--- What you are asked to do ---
Every line from the one with "Tela de tul" through the final line of the data below goes in the answer, copied exactly. Pictures do not.

--- Supplied data ---
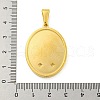 Ion Plating(IP) 304 Stainless Steel Pendants STAS-R231-18G-05-3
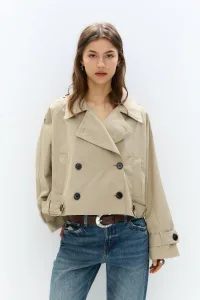 Short Trench Coat ight camel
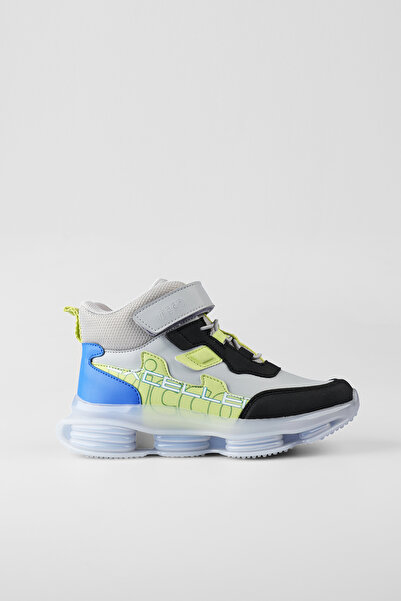 Vicco Heel Havalı Taban Boys' Gray Boots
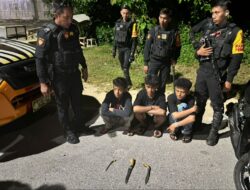 Polisi Amankan Tiga Pemuda Membawa Sajam saat Konvoi di Kendari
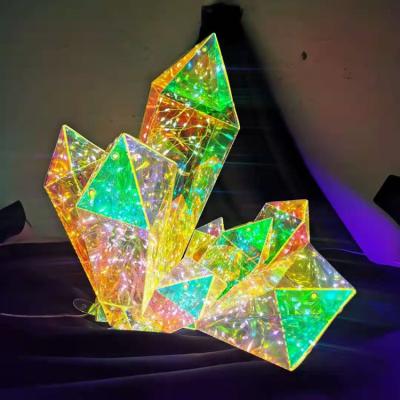 China Hot-selling indoor festival decoration home different size PVC diamond led christmas light for wedding lights decoration stand and home party for sale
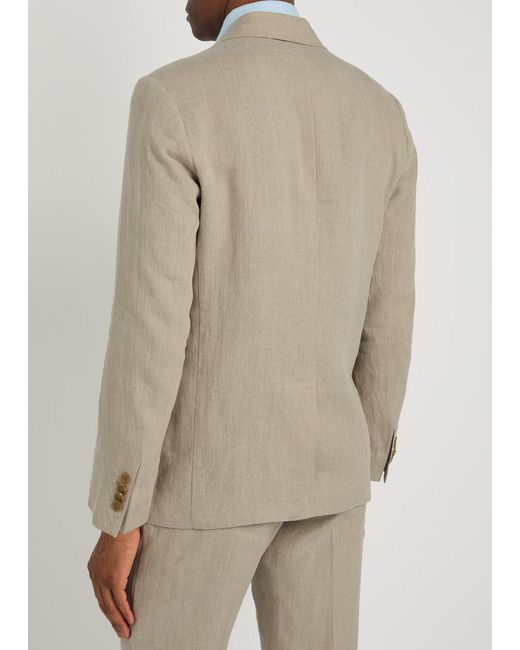 Sunspel Natural Linen Blazer for men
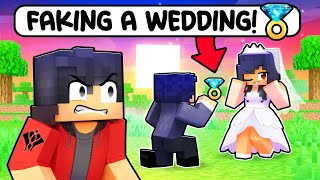 I faked my REAL WEDDING in Minecraft!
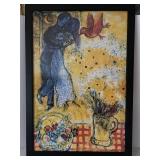 Marc Chagall Lovers and Daisies Framed Print 27x39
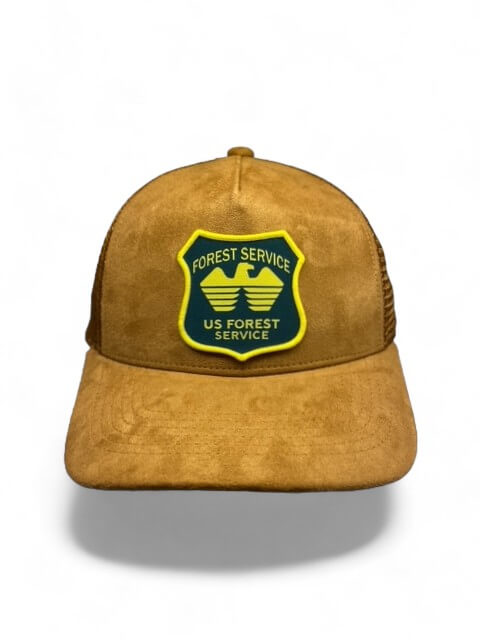 USFS Ranger Suede Trucker Hat - Adjustable Mesh Snapback for Outdoor Enthusiasts & Firefighters image 0
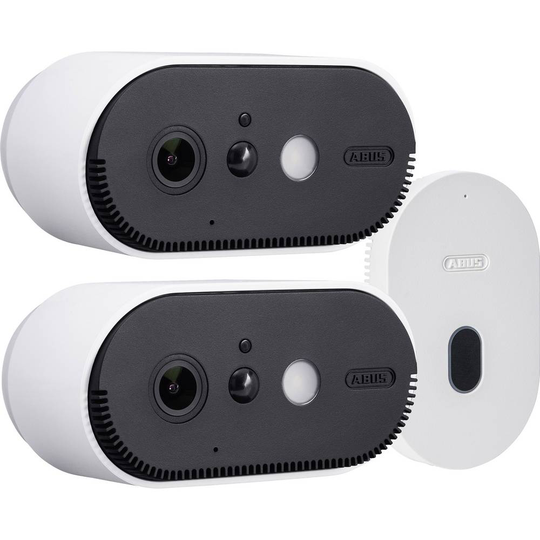ABUS Akku Cam PPIC90200 WiFi IP-Övervakningskameraset med 2 kameror 1920 x 1080 pixel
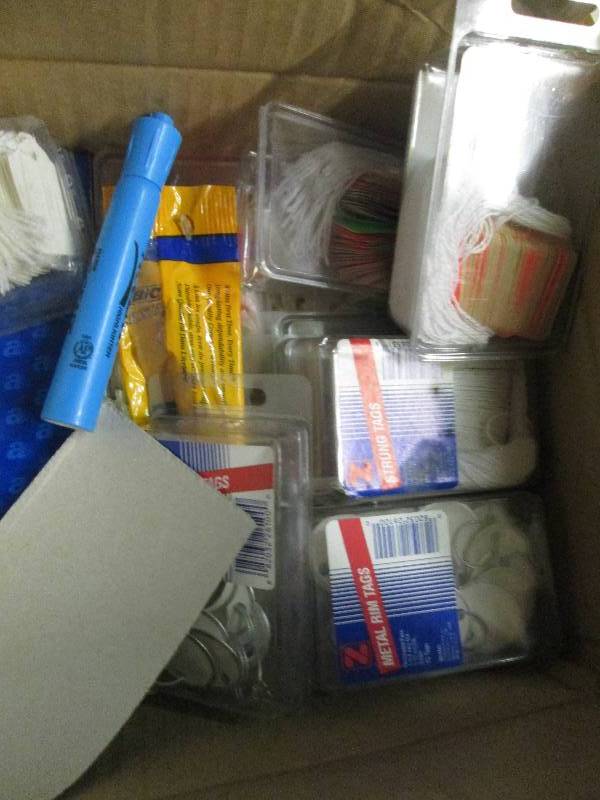 lot 327 image: lot of price tags and invoice books...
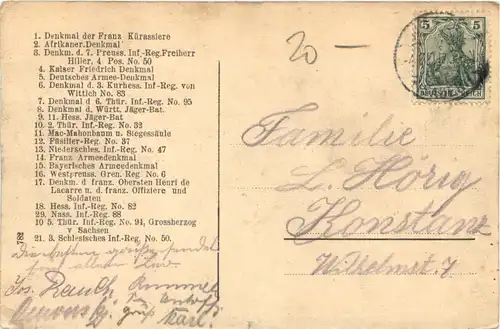 Denkmäler auf den Schlachtfeldern bei Wörth im Elsass -543104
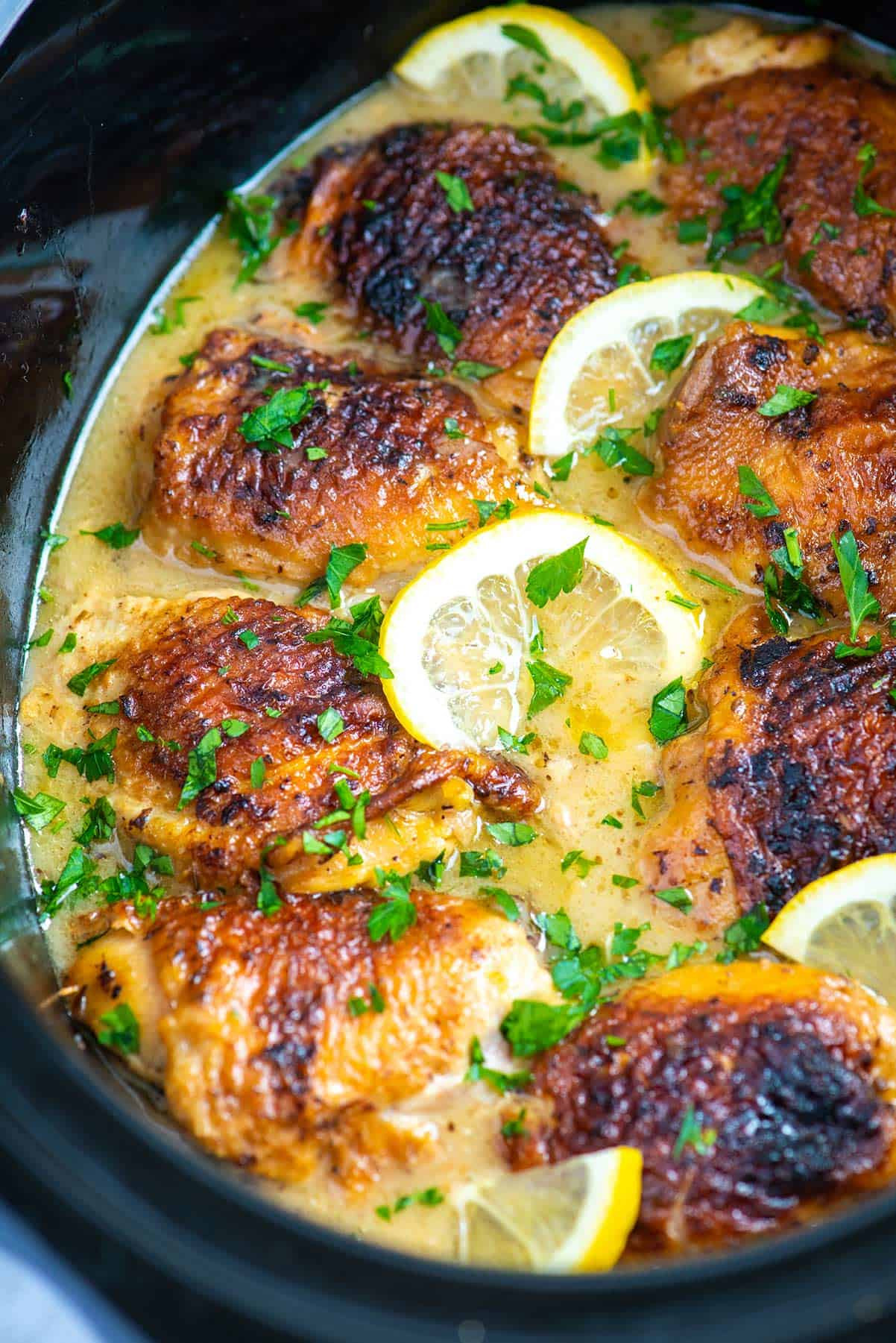 Slow Cooker Lemon Chicken Thighs
 Ultimate Slow Cooker Lemon Chicken Thighs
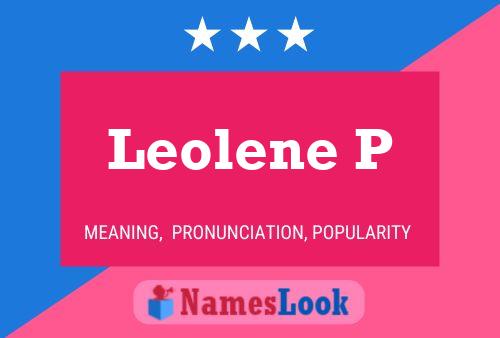 Постер имени Leolene P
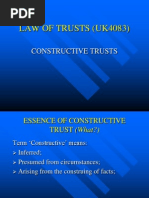 Constructive Trust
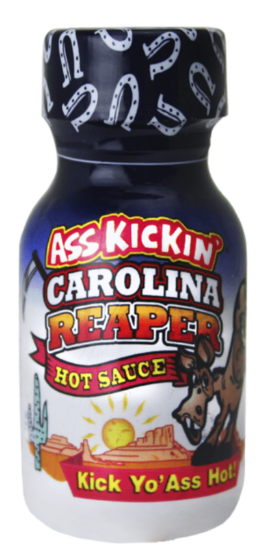 Ass Kickin' - Hot Sauce Mini Bottle Carolina Reaper - 0.75oz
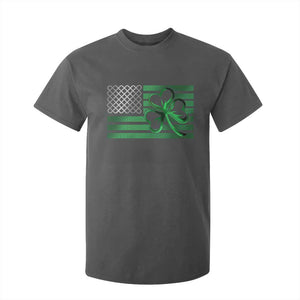 Funny Irish Americans T Shirt For Kid Shamrock Celtic Knot American Flag St Patrick's Day TS11 Dark Heather Print Your Wear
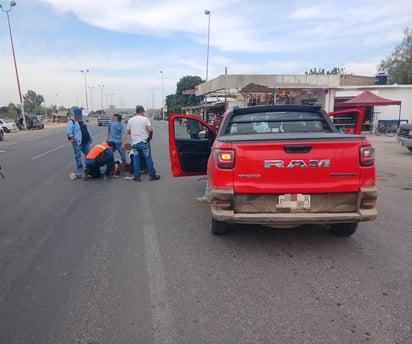 Camioneta de la marca Dodge, línea RAM 700, modelo 2004, color rojo. (EL SIGLO DE TORREÓN)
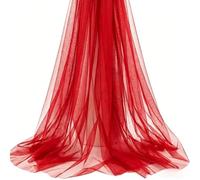 Tela de tul suave de 5 m x 160 cm, rollo de tul, decoración de mesa, tela de organza, tela de malla, tela decorativa para arbor, boda, arco, ceremonia, vestido, falda de tul, velo
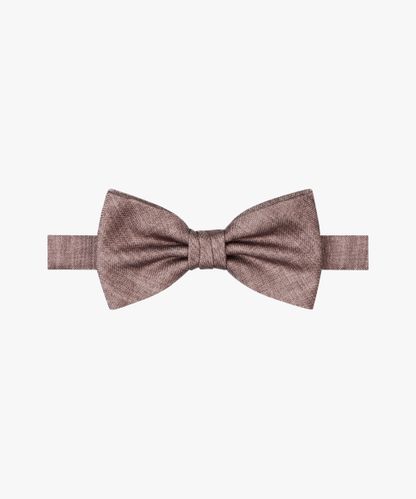 Profuomo Brown silk bow tie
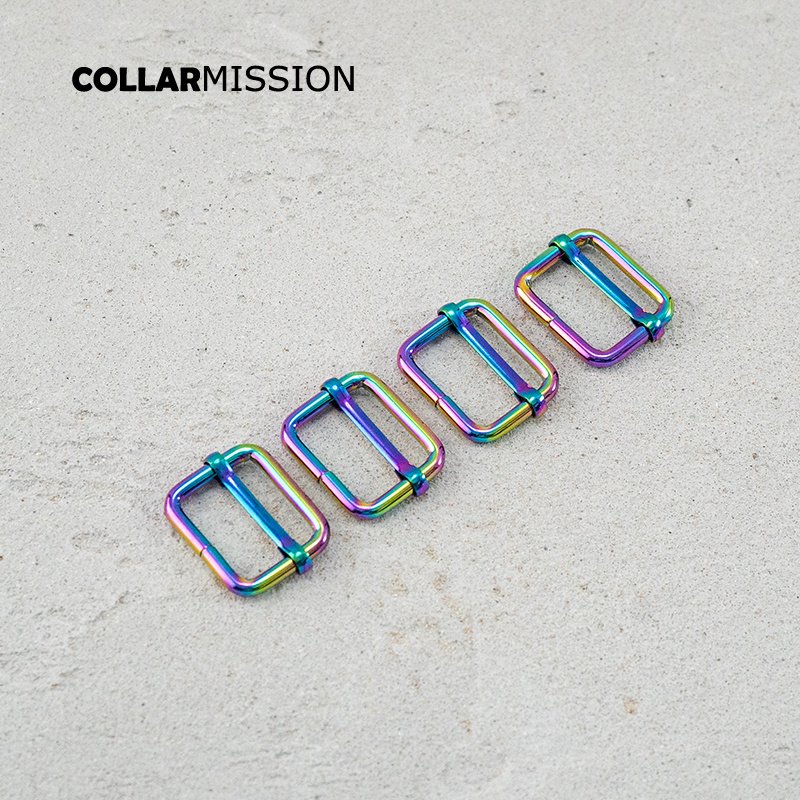 25mm rainbow metal buckle, adjustable, durable, high-quality accessories for hand bags with DIY dog collar parts LXK25CH - Image 4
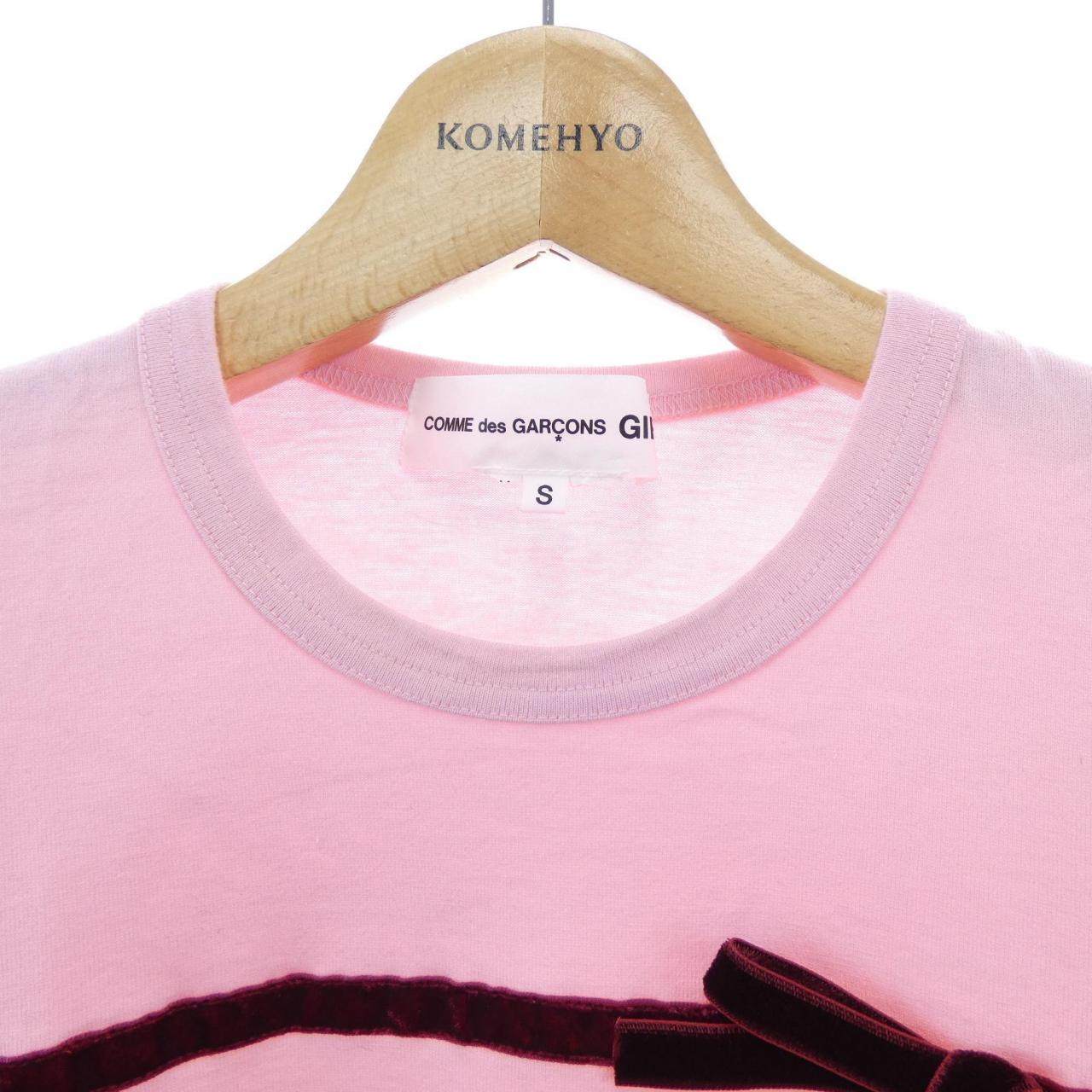 コムデギャルソンガール コットンTシャツ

--- Answer area ---
 Tela de tul suave de 5 m x 160 cm, rollo de tul, decoración de mesa, tela de organza, tela de malla, tela decorativa para arbor, boda, arco, ceremonia, vestido, falda de tul, velo
 Profuomo Brown silk bow tie
 25mm rainbow metal buckle, adjustable, durable, high-quality accessories for hand bags with DIY dog collar parts LXK25CH - Image 4
 コムデギャルソンガール コットンTシャツ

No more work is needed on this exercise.